Ironically, or perhaps not, Athena was originally as much a war goddess as a patroness of wisdom. When she sprang from her father’s head, she was wearing a helmet and armed with a spear or shield. In the Iliad Athena not only dispensed strategic advice to her preferred side, the Greeks, but also fought among them against the Trojans. Athena favored the Greeks and despised the Trojans because, although she was very beautiful, she and her stepmother, Hera, had been losers in the Judgment of Paris, the beauty contest that had launched the war.

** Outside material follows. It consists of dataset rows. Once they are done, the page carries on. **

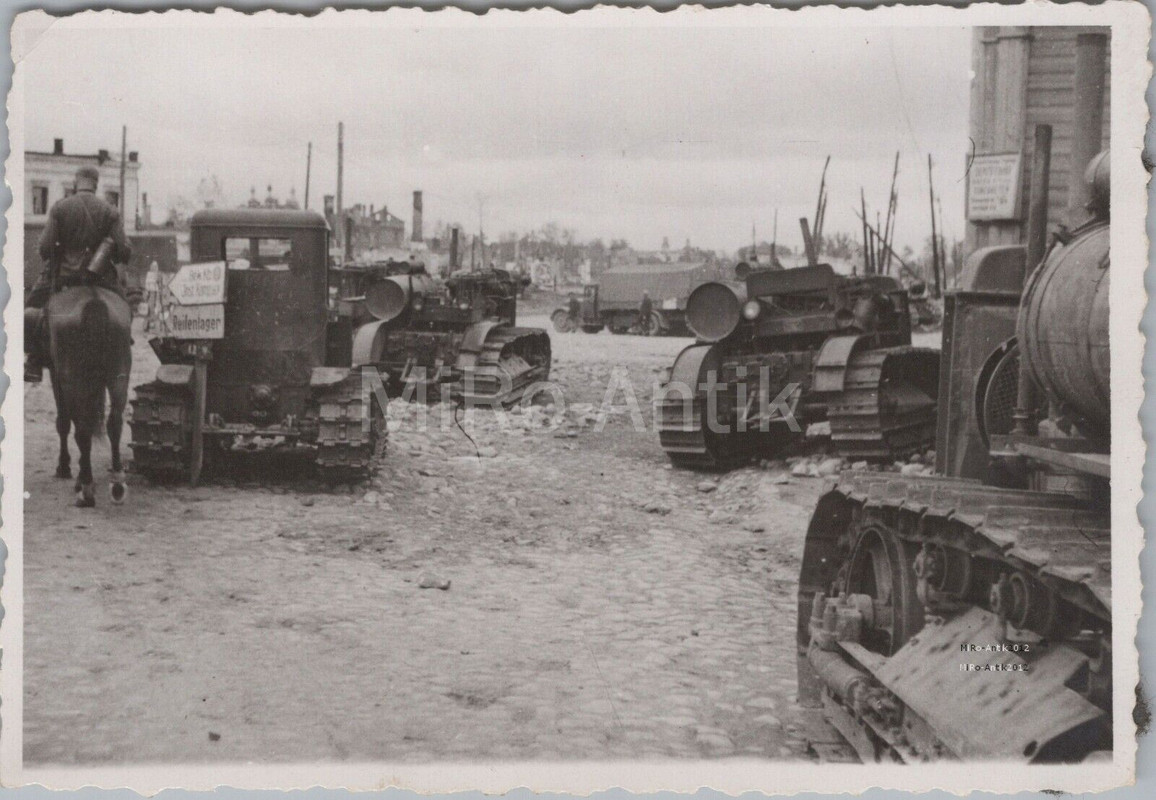 Foto, 10A.R.129, russische Traktoren in Witebsk im Juli 1941, Russland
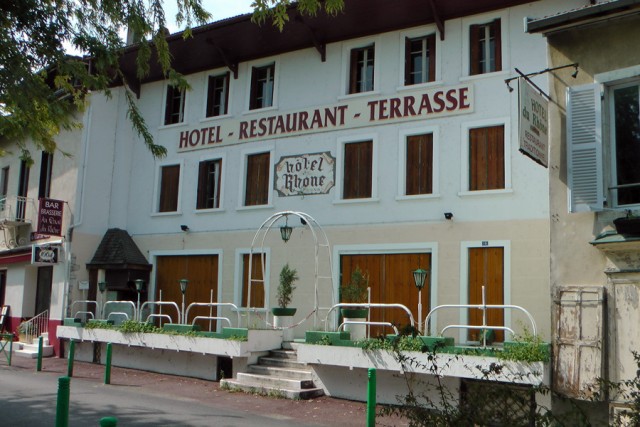 06/12. Seyssel (Ain). L'hôtel du Rhône. Fermé. L'équipe de vendeurs de Beamscopes a séjourné ici.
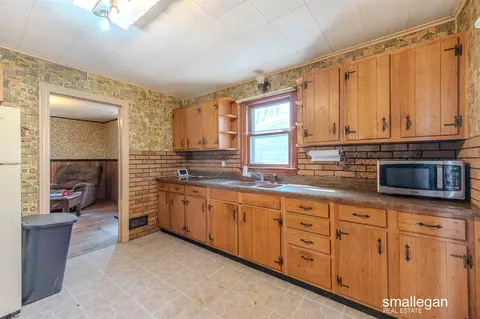Kitchen - 620 E Spg, Whitehall, MI 49461 photo 1 of 3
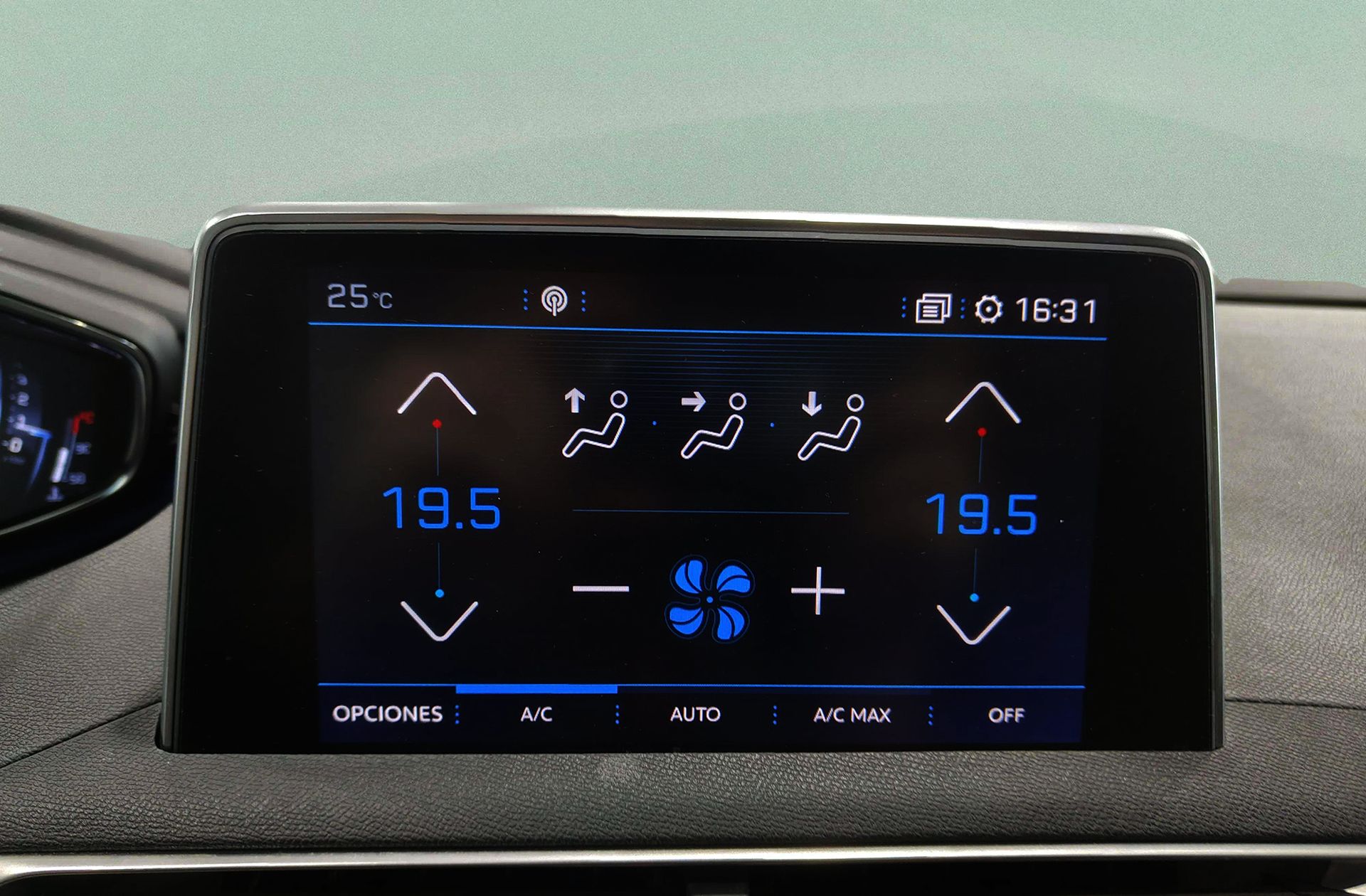 Peugeot 3008 PureTech 130 GT Line - foto 32
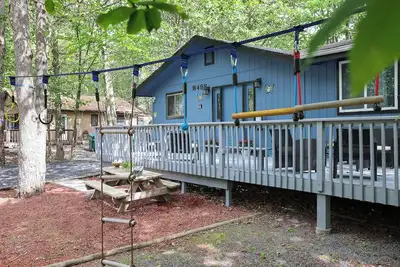 Image de Quiet Home w/Huge Deck-Tvs In All Rooms-Firepit-Kareokee-Pooltable-Nearby pool\n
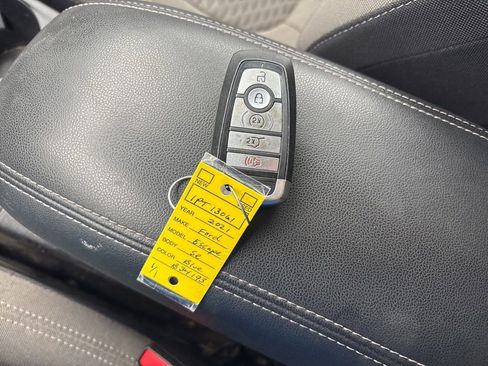 Used 2021 Ford Escape SE w/ Convenience Package image 12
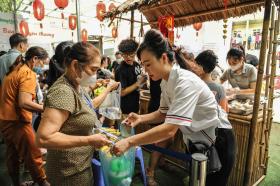 Những tình nguyện viên “đặc biệt” tại “Bữa Cơm Yêu Thương”  第64张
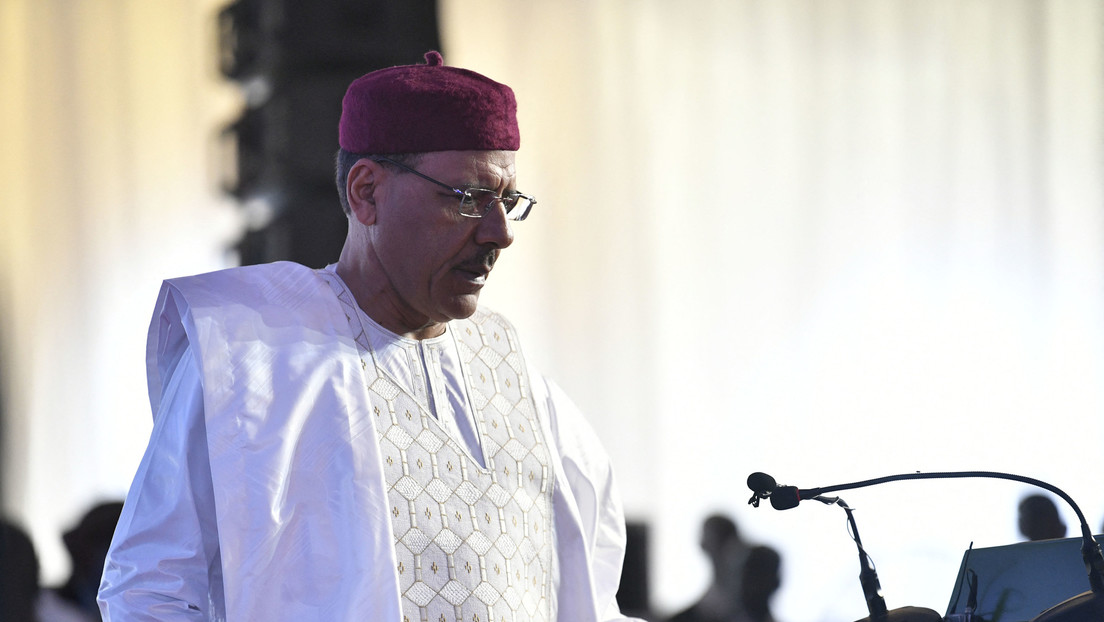 Presidente de Níger es retenido por sus guardias en el palacio presidencial, informan fuentes de seguridad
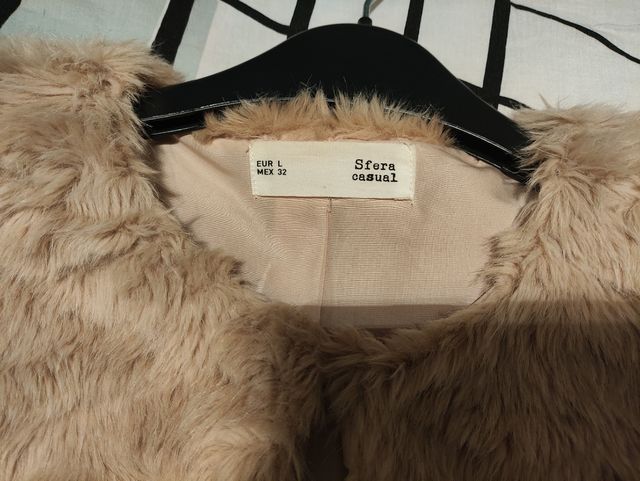 Cazadora de pelo rizo beig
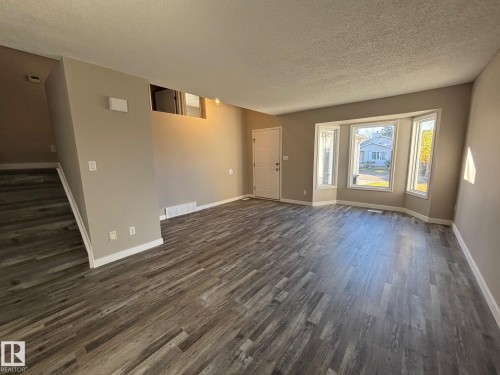 46 Matthew Road, Spruce Grove, AB - Indoor Photo Showing Other Room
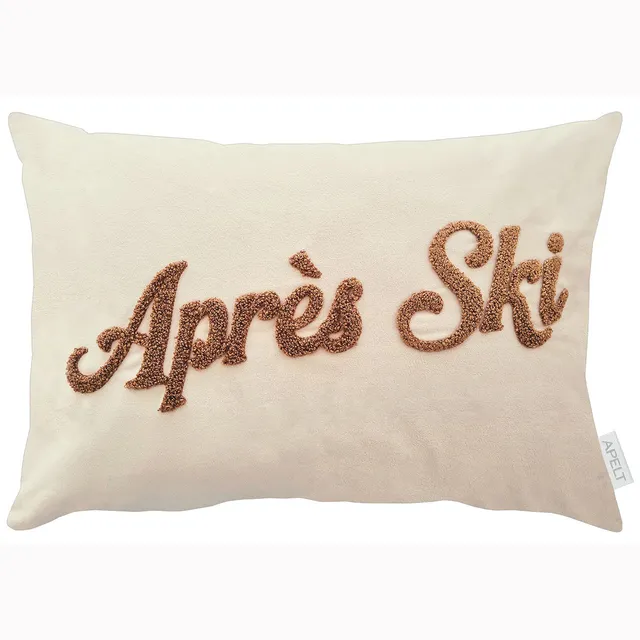 apelt-apres-ski-samtkissen-mit-stickerei-rechteckig image 1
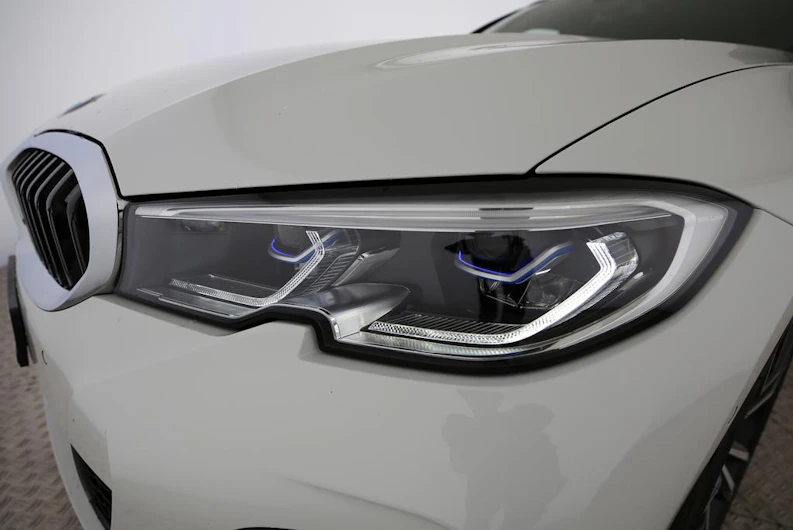 immagine del veicolo BMW 3 SERIES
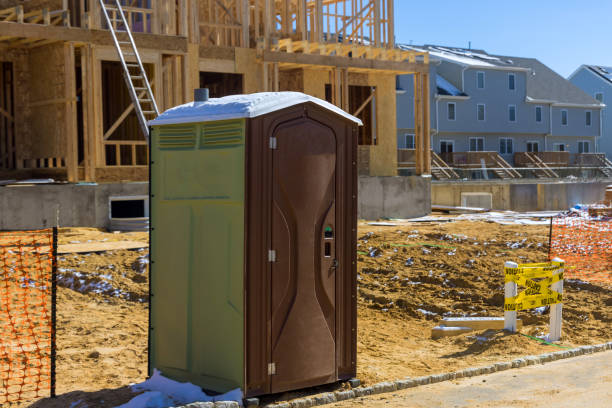 Portable Toilet Options We Offer in Mccaysville, GA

In her namesake city, Athens, Athena was worshipped as Athena Promachos, or “Athena at the Front Line of Battle.” The Athenians gave her credit for helping them win key battles in their war against the Persians during the early fifth century BC, and for Athens’s swift postwar rise to military and political dominance among the Greek city-states. They also honored Athena for having facilitated Athens’s economic prosperity during that period by, as their civic legend maintained, giving the Athenians the olive tree. Athena’s chief temple in Athens, the Parthenon (parthenos means “virgin” in Greek) was the city’s architectural glory during the fifth century. It housed a colossal gold-and-ivory statue of the goddess, and every year the city’s young women paid tribute to her by presenting the statue with a new dress that they had woven themselves. The Athenian tragedian Aeschylus, in his Oresteia trilogy, made Athena a protectress of the legal justice and rule of law on which his city prided itself.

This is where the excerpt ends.